There is a further strong Davison calico printing migration linking Carlisle with Lancashire, this time with Rising Bridge between Baxenden and Haslingden. Mary Davison, a long standing member of the Rossendale Branch, has traced her line back to John Davison, calico printer born Carlisle in 1829 who by 1861 was married to Martha Coomby (also from a Carlisle printing family). Ten years earlier John was unmarried and ostensibly living as a lodger with Robert and Catherine Irving, both born Carlisle. However Catherine was in all probability John’s mother, and Robert Irving his stepfather.
Also lodging in the same house is Dixon Losh, ‘manager at print works’, and the significance of this really becomes apparent from the 1861 census which shows Watson Losh (uncle of Dixon) as a calico printer at Lower Baxenden employing 137 men and 7 women – a serious capitalist. The final piece in the jigsaw is that John’s mother Catherine was the daughter of Joseph Thompson and Ann Losh baptised 21 April 1805. The Losh family were one of the first generation of four calico firms set up in Carlisle along the Caldew in the period 1760 -1800, and unlike at least two of the others managed not to go bankrupt. Sadly I can find no reliable documentary evidence as to whether these Rising Bridge Davisons were closely related to the Chorley Davisons or to ‘my’ Ramsbottom family and that is where it rests for now.

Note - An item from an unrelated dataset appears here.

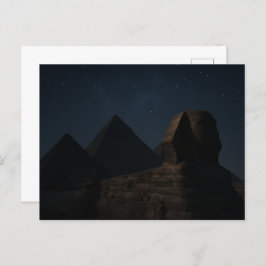 Cartão Postal Cartão-postal egípcio Sphinx Pyramids Night Sky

What lessons can we draw from this potted Davison/ Haworth history? First, how fiendishly complicated family relationships and intermarriages were in the early nineteenth century. Second how much nearer we can now get to disentangling them compared with only ten years ago thanks to so many basic sources coming online. Third how difficult it can be to come up with 100% proof of very plausible hypotheses.